31 janvier 2008
Aelaïg, 17 ans, aime la langue allemande. Elle vient d'être désignée meilleure jeune traductrice de France à l'issue d'un concours européen.
Cet automne, un millier de jeunes Européens ont participé à un concours de traduction organisé par la commission européenne. Parmi les 27 lauréats, un par pays de l'Union européenne, une Briochine.
La voix est fluette, mais le regard en dit long sur la jeune fille. Aelaïg Yvet dégaine les réponses tout en fixant son interlocuteur droit dans les yeux. Que veut-elle faire plus tard ? « Ingénieur ». En France ou en Allemagne ? « En Allemagne ».
A 17 ans, l'élève, en terminale scientifique au lycée Rabelais de Saint-Brieuc, est passionnée par l'Allemagne. Elle y va dès qu'elle le peut, lit des livres dans la langue de Goethe, et, à l'occasion, le « Frankfurter Rundschau », un quotidien allemand. Pas étonnant qu'elle vienne d'être désignée meilleure jeune traductrice de France.
Rude concurrence
Le concours « Jeunes traducteurs » a séduit, en France, 142 lycéens en provenance de 29 établissements. Ils étaient entièrement libres de la combinaison de langues qu'ils choisissaient, du moment qu'elles comptent parmi les 23 langues officielles de l'Union. Aelaïg a choisi de traduire de l'allemand vers le français.
Son choix, naturel au regard de son parcours, n'était pourtant pas celui de la facilité.
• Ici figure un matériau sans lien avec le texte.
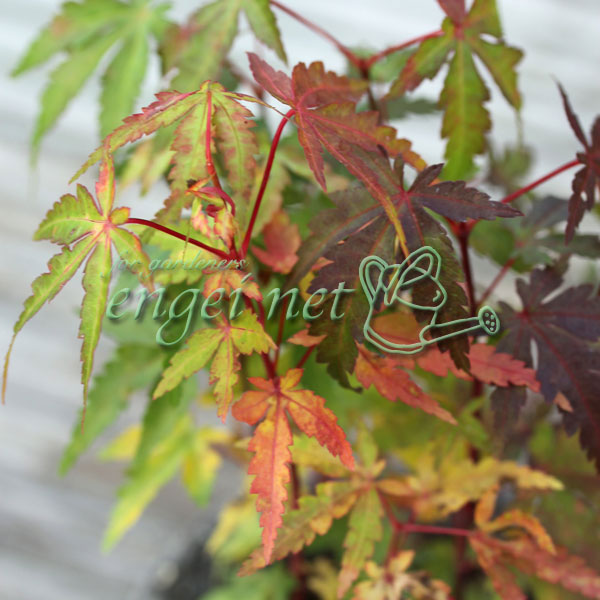 園芸ネット本店｜モミジ（カエデ）：珊瑚閣（サンゴカク）2.5号ポット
Le tiers des lycées participants étant alsaciens, la concurrence était rude.
Le 14 novembre, elle avait deux heures pour traduire un texte portant sur l'écotourisme. « Il y avait des expressions et des mots pas très connus que je ne savais pas trop comment traduire ». En sortant de l'épreuve, la jeune fille ne pensait pas avoir réussi. « Hier, j'ai été très surprise quand M. Rauber (son professeur) est venu me chercher pour me dire que j'avais gagné ».
Six mois outre-Rhin
Son succès, elle le doit un peu à son frère, plus vieux de trois ans, qui a ouvert la brèche de l'allemand en le choisissant en première langue dès la sixième. Elle a suivi son aîné sur ce chemin, et tout de suite, l'osmose s'est faite avec l'allemand, mais aussi avec le pays : « J'adore l'Allemagne ». Pourquoi ? « Je ne sais pas... j'avais une très bonne prof au collège ». Le collège lui permet aussi de découvrir le pays lors de voyages scolaires en classes de 4 e et de 3 e .
Un souhait : y vivre
L'histoire d'amour est donc déjà bien avancée quand elle découvre qu'elle peut partir six mois outre-Rhin dans le cadre du programme Voltaire. « Dès que j'ai su que ça existait, j'ai dit c'est bon, je pars ». Elle est en seconde. En février 2006, elle rejoint donc Dachau (17 km au nord de Munich) pour terminer sa première année de lycée.
Depuis, elle ne pense qu'à y retourner. Définitivement. En attendant, elle doit passer son bac et, peut-être, intégrer une classe préparatoire au lycée Chateaubriand, à Rennes. La jeune fille a pour l'instant 15,9 de moyenne, dont 20 en allemand, évidemment.
Elle se rendra à Bruxelles, le 9 mars, pour recevoir son prix.